A natural backtest approximates the following implementation
methodology: in the first period form an equal weighted portfolio with
long positions in the stocks in the highest quantile and short
positions in the stocks in the lowest quantile.  Each stock has an
equal weight in the portfolio; if there are 5 stocks on the long side,
each stock has a weight of 20\%.  Subsequently rebalance the portfolio
every time the \texttt{in.var} values change.  If the observations
have a monthly frequency, the \texttt{in.var} values change monthly
and the portfolio must be rebalanced accordingly.  When the
\texttt{in.var} values change, rebalancing has the effect of exiting
positions that have left the top and bottom quantiles and entering
positions that have entered the top and bottom quantiles.  If the data
contains monthly observations, we will form 12 portfolios per year.
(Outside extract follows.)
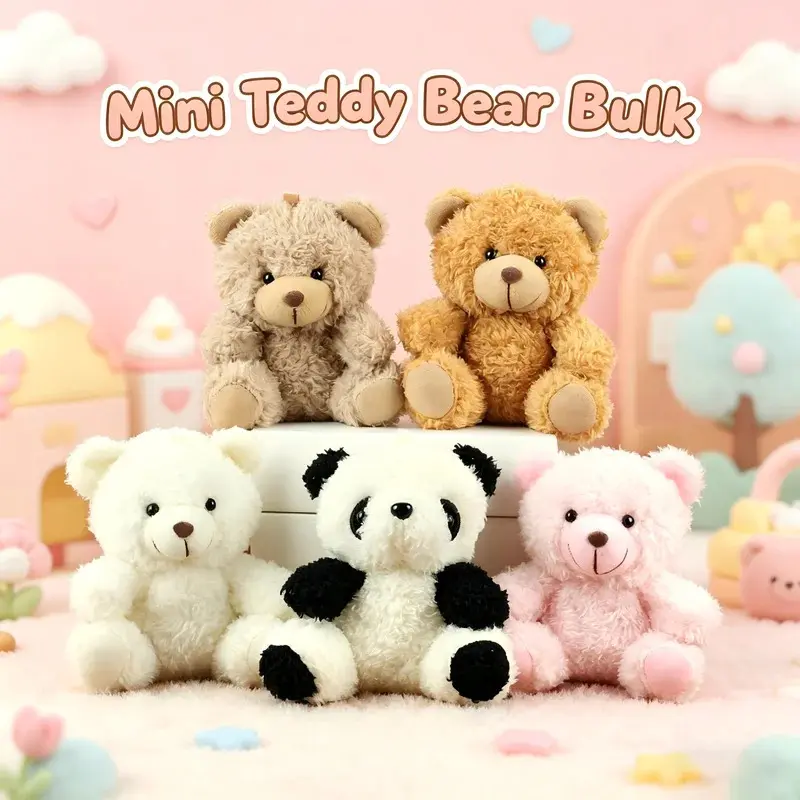 Mini Stuffed Animal Teddy Bears Bulk - Soft Plush Toys for 6-12y, Party Decorations (Graduation, Engagement), Baby Shower Birthday Events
To create a simple natural backtest, we again call \texttt{backtest}
using \texttt{ret.0.1.m}. This is the only return value in
\texttt{starmine} for which we can construct a natural backtest of
\texttt{smi}.

<<natural portfolio>>=
bt <- backtest(starmine, id.var = "id",
               date.var = "date", in.var = "smi",
               ret.var = "ret.0.1.m", natural = TRUE, by.period = FALSE)
@

Natural backtests require a \texttt{date.var} and \texttt{id.var}, the
names of the columns in the data frame containing the dates of the
observations and unique security identifiers, respectively.  Calling
\texttt{summary} displays the results of the backtest:

<<echo=false>>=
current.options <- options()
options(digits = 1, width = 80)
@

\DefineVerbatimEnvironment{Soutput}{Verbatim}{fontsize=\footnotesize}

<<summary natural backtest>>=
summary(bt)
@ 

\DefineVerbatimEnvironment{Soutput}{Verbatim}{fontsize=\small}

<<echo=false>>=
options(current.options)
@

Focus on the mean return of the highest quantile for 1995-02-28 of
1.3\%.  \texttt{backtest} calculated this value by first computing the
5 quantiles of the input variable \code{smi} over all observations in
\code{starmine}.  Among the observations that fall into the highest
quantile, those with date 1995-02-28 contribute to the mean return of
1.3\%.  It is important to note that the input variable quantiles are
computed over the whole dataset, as opposed to within each category
that may be defined by a \code{date.var} or \code{by.var}.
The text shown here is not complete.